In the entries below, which lines run from the one containing "2FMPK3G93JBB25908 2018 FORD" to the one containing "Headbangers - Fright"? Copy exactly those lines, ends included, and no others.

_Data to use_
• • • • • • •

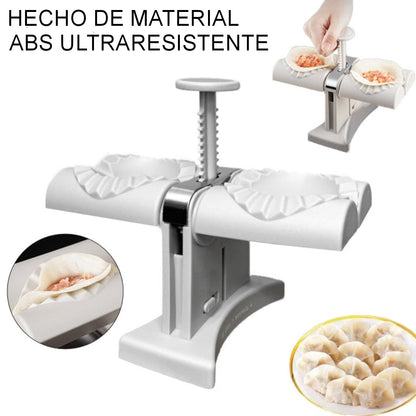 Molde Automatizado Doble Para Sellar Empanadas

• • • • • • •

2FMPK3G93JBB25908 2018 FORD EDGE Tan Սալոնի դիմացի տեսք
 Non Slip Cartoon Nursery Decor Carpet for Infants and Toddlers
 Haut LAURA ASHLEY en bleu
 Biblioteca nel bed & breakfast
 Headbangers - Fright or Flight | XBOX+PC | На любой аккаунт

• • • • • • •

_Response below_
2FMPK3G93JBB25908 2018 FORD EDGE Tan Սալոնի դիմացի տեսք
 Non Slip Cartoon Nursery Decor Carpet for Infants and Toddlers
 Haut LAURA ASHLEY en bleu
 Biblioteca nel bed & breakfast
 Headbangers - Fright or Flight | XBOX+PC | На любой аккаунт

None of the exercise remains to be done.